# THE TASK:
In the records below, find the line with "Delight Jewelry Silvertone" and repeat exactly every line from it through the line with "23.5mm Stainless Steel". Pictures stay out.

# DATA EXTRACT:
▶

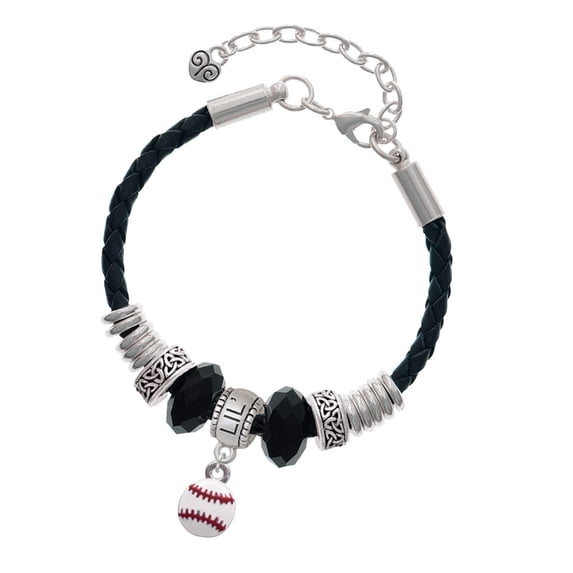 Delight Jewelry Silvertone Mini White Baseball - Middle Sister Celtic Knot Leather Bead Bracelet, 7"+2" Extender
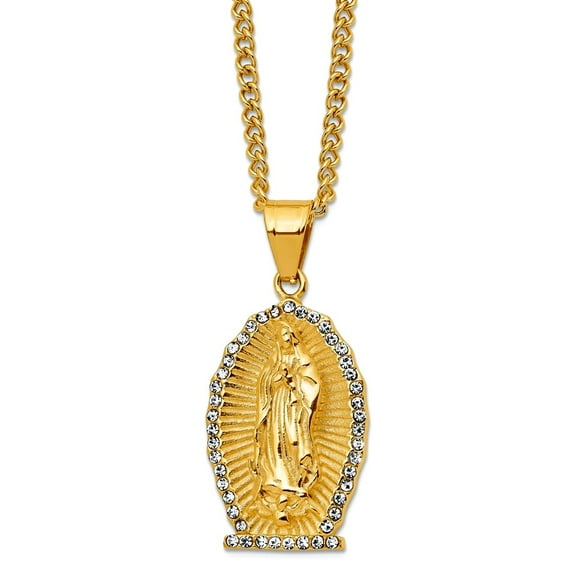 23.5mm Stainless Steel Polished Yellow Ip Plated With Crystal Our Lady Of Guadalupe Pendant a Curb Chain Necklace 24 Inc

◀
▶

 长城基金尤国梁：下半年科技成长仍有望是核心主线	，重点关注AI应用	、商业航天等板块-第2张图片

◀
▶

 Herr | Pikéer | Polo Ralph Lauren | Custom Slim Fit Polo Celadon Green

◀

# SOLVED PROBLEM:
 Delight Jewelry Silvertone Mini White Baseball - Middle Sister Celtic Knot Leather Bead Bracelet, 7"+2" Extender
 23.5mm Stainless Steel Polished Yellow Ip Plated With Crystal Our Lady Of Guadalupe Pendant a Curb Chain Necklace 24 Inc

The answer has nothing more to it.